Before I begin this column I must admit that I was born without the car "gene". That is the one that makes people feel they must show their status, personality, worthiness, sexuality, snobbishness, political correctness, extraordinary mechanical ability or life style by the car they choose. I, on the other hand, believe a car is for transportation.
When I told my wife what I was going to write about and that I was born without the gene she readily informed me, as if I didn't know, they she was born with it. One noted talk show host said to me after leaving the restaurant and seeing my car in the parking lot, why was I driving that?
I believe not only in an ordinary, functional car, but one that runs on the lowest octane so I can spend less at the pump. Needless to say we have the other kind as well and if I wish to ride in “said car” belonging to my spouse, a professional with her own business, I must refrain from my lack of car gene comments. I will give her points on having a much faster car.
So why all the drivel about cars? People know way too much about their cars and way too little about their homes and mortgages. How do I know? Every time I have a speaking engagement, I first do a survey about cars and car financing. Nearly everyone has all the answers including how many months left on their loan.
When it comes to their house, though, no one has any idea of how many years, let alone months, they have left on their mortgage. They also do not know their monthly payment. Some, albeit very few, know their interest rate and the type of loan they have. It is certainly easy to see that why people have more problems related to their home loan than to their automotive financing.
And furthermore, they are overpaying. In most cases if you combine the car payment with the home mortgage both do better. Taking a 30 year fixed and a car payment and combining them into one loan generally can save you money on a monthly basis and cut your amortization to a 15 or 20 year loan. The important thing to know is assuming the car gets paid off first, which is usually done from a few months to a year or more, (which is earlier than staying in their current loans) they will also benefit by cutting the amount of years on their mortgage at least 5 to over 10 depending on which loan they choose.

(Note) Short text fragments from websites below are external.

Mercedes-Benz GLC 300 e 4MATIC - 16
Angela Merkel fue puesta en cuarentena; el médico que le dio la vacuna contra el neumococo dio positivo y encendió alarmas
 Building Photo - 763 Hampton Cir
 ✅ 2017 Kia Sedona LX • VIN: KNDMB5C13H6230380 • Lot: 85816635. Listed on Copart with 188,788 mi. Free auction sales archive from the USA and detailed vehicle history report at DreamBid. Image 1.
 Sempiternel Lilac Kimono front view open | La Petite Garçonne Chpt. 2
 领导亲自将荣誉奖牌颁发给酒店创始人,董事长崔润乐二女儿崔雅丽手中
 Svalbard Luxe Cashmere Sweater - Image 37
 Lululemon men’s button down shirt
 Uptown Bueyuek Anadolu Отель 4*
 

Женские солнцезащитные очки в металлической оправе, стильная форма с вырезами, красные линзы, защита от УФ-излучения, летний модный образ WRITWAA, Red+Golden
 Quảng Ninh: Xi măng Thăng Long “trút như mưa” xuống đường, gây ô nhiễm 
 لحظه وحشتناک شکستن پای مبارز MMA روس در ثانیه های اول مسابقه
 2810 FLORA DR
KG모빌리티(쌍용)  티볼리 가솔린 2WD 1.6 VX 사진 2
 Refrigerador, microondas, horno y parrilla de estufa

Interest on automobile financing is generally not tax deductible, while interest paid through a mortgage usually is tax deductible (There are some limits to the size of the loan and also some rules regarding how much cash can be taken out of the property).
In the end it is your decision as to what you want and need in your life. If you don't give in to your "car gene" in latter life, you might realize you didn't need it or really even wanted it. If you do still want it once your have gotten a little "longer in the tooth" and have become empty nester's, then you might be in a better position to have what you want: a sleek convertible or a 4 door truck with power to pull half the state of Wyoming.
Decisions aren't easy, and generally do not result in a right or wrong answer. They always though, have consequences. And that is what YOU have to live with.